Open xalteropsx opened 2 weeks ago
Running Gardio app takes only about 8G VRAM in our test. Your description about the issue is not sufficient enough. Can you provide more details for me to further check your problem?
Running Gardio app takes only about 8G VRAM in our test. Your description about the issue is not sufficient enough. Can you provide more details for me to further check your problem?
sorry for late reply last day was little fever i will do it now will provide u sample video and some changes what i made brb it take 10-30min
as u can see from screenshot i clone ur current repo and change this line
default="runwayml/stable-diffusion-inpainting" - > default="benjamin-paine/stable-diffusion-v1-5-inpainting"
it hard to make video at such large gpu consuming even freezing my display i will reduce the resolution so it can reduce resolution since
1024 * 768 - 42gb nearly let me check what number should be good for 20 vram resolution so i can show u proof
According to the information you provided, you are using the AMD GPU. Machine learning tasks usually require Nvidia GPU to accelerate with CUDA, otherwise it will be performed at a very slow speed. In addition, your 46.5G VRAM is likely to be occupied by other applications. Maybe you can view it through process manager.

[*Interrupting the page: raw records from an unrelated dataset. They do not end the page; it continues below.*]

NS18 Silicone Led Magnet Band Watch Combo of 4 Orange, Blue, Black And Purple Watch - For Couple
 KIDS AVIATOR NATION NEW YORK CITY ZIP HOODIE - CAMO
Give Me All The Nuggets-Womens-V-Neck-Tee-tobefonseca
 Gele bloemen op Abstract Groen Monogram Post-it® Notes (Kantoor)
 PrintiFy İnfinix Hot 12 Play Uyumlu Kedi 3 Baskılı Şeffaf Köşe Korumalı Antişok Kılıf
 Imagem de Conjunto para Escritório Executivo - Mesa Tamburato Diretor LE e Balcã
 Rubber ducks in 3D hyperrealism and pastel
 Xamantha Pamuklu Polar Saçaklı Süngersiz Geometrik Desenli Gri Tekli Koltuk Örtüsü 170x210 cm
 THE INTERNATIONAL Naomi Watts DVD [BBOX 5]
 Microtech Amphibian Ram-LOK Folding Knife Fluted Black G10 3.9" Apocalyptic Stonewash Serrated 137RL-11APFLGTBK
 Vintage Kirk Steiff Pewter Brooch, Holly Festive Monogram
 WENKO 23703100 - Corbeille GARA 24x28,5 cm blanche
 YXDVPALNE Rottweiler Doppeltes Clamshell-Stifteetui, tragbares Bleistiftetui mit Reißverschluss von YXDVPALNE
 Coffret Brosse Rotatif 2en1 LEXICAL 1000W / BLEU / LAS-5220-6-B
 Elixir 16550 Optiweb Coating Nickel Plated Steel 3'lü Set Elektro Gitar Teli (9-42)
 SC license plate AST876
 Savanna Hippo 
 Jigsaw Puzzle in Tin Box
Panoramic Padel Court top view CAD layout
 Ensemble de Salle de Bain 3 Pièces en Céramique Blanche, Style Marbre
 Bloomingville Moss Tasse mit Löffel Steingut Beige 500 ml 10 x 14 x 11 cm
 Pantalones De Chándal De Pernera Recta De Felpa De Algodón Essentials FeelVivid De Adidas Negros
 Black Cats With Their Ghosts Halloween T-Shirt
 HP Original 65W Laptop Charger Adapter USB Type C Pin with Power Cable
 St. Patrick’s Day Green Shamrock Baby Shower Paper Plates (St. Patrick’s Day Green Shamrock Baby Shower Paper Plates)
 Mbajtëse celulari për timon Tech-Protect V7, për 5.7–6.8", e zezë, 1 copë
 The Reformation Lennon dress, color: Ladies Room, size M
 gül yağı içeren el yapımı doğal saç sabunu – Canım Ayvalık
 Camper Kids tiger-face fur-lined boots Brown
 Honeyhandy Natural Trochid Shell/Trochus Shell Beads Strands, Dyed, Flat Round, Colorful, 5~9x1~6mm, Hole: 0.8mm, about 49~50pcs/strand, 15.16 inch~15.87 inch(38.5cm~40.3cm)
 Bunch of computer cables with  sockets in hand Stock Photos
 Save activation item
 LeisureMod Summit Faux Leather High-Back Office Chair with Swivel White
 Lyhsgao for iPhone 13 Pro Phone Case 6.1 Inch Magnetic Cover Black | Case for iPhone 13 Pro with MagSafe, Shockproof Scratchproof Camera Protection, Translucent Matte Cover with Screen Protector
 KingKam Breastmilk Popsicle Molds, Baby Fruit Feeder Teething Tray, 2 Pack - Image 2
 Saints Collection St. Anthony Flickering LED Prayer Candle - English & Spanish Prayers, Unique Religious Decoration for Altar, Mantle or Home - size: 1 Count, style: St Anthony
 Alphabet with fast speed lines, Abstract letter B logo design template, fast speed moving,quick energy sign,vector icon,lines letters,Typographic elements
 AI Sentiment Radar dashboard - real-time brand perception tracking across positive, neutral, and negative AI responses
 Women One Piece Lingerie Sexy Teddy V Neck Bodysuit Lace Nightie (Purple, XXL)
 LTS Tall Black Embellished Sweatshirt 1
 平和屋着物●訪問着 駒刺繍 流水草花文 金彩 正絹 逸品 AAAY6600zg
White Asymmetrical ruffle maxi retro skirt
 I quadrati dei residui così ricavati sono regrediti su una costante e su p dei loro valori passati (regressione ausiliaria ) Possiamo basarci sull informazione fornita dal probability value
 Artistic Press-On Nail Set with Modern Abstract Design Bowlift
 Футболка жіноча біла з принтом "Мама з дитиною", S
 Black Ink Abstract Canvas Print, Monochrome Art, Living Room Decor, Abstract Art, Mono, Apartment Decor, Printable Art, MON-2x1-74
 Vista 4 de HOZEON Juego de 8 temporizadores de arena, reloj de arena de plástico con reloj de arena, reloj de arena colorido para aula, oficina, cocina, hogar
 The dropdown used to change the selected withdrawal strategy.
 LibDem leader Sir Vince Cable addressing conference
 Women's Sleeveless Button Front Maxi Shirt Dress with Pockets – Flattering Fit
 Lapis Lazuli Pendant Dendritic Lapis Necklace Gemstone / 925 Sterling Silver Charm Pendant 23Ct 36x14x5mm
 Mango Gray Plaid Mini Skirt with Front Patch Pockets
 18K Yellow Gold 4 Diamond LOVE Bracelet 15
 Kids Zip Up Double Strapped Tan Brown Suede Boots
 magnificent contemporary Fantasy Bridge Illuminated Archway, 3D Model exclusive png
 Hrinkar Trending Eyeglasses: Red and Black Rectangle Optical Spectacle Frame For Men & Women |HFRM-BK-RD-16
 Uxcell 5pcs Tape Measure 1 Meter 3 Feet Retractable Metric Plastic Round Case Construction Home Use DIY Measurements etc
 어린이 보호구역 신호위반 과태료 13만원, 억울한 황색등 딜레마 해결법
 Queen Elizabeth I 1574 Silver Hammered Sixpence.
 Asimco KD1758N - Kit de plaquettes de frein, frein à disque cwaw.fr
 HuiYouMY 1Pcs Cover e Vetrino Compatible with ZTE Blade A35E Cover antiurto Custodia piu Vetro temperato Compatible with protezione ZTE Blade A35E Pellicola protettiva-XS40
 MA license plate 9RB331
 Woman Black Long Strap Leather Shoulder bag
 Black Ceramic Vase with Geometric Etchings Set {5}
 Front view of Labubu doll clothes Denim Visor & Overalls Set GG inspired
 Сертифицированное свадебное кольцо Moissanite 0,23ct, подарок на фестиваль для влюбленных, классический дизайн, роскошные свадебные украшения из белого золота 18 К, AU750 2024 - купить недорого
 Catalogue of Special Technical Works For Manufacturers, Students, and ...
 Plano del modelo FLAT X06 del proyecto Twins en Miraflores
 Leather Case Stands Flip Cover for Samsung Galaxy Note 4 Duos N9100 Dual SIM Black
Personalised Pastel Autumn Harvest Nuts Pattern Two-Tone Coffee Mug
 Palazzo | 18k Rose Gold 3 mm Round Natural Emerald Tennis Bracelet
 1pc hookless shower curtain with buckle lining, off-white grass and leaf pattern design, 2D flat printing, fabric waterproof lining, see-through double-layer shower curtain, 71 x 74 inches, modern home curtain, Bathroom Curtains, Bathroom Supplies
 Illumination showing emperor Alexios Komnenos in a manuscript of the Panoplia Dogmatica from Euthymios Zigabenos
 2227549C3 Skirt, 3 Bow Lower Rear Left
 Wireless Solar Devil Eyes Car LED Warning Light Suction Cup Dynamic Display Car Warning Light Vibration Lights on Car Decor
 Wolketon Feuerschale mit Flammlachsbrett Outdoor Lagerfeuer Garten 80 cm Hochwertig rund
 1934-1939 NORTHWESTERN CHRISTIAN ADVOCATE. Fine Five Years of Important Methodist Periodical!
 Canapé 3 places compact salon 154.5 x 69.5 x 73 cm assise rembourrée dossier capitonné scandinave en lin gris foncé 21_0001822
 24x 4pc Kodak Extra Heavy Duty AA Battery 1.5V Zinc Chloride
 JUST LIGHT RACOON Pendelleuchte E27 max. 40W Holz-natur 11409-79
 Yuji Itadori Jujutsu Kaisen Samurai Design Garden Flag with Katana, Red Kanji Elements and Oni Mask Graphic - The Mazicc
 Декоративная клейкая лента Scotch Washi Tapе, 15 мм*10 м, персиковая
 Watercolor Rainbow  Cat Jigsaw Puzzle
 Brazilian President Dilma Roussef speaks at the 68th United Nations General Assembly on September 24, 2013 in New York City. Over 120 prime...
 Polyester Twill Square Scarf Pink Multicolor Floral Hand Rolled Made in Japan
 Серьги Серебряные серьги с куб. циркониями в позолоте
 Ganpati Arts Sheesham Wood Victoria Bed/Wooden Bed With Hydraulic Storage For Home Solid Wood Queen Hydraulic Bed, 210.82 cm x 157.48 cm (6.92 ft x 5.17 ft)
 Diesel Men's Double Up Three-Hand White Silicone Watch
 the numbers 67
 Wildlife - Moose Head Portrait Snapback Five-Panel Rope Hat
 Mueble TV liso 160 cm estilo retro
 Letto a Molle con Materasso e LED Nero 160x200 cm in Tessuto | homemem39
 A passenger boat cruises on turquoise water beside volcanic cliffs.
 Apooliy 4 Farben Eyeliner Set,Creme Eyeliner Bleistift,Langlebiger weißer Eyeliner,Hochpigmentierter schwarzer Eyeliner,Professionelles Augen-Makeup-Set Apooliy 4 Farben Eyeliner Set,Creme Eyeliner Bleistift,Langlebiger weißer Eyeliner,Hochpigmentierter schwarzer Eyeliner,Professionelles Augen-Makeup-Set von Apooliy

u can download the video and check it its impossible vram consume by it if u want proof i can google remote video host or google meet or provide me something i can share my screen with u? dont bother about slow speed bro all i want is less vram if possible
I have checked the video you sent, and indeed there is a 40G memory usage. I suspect the reason is that AMD GPUs do not support low-precision or mixed-precision inference, or the current code cannot effectively utilize the AMD GPUs, leading to increased memory usage and slow speed. However, I have too little experience with machine learning on AMD GPU to provide suggestions for reducing high memory usage. Perhaps you can seek help from relevant communities to see if there are methods to reduce memory consumption and accelerate the process. I have modified the title of this issue so that others can view it and offer assistance.
i will try to investigate if i know anything or may be ask someone who using amd for this question as well but was using zluda torch in window which check in linux on pure torch and will let u know the feedback again
i using bf16 and it occupy more then 40gb vram and very slow